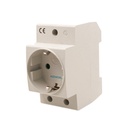 Presa Schuko Modulare Tipo F 2M 25A AC 250V IP20 IEC60884 SK-225-EU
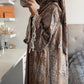 Pashmina Abaya with Stone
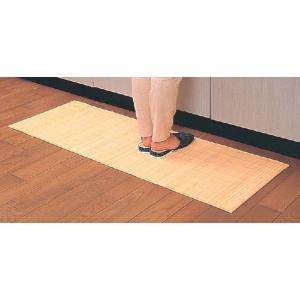 [10%off] ランキング1位受賞 300円クーポン進呈 籐キッチンマット 45×180cm / ...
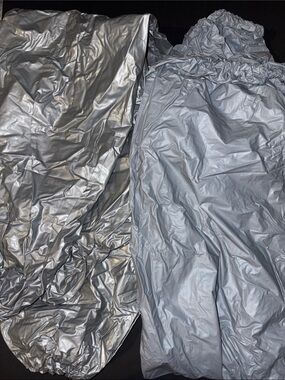 2 pair Sauna pants M/L Silver Elastic-Waist Bottoms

The task —
With the pictures left out, copy exactly the lines from the one containing "[10%off] ランキング1位受賞 300円クーポン進呈" through the last line of the data.

Reply —
 [10%off] ランキング1位受賞 300円クーポン進呈 籐キッチンマット 45×180cm / ...
 2 pair Sauna pants M/L Silver Elastic-Waist Bottoms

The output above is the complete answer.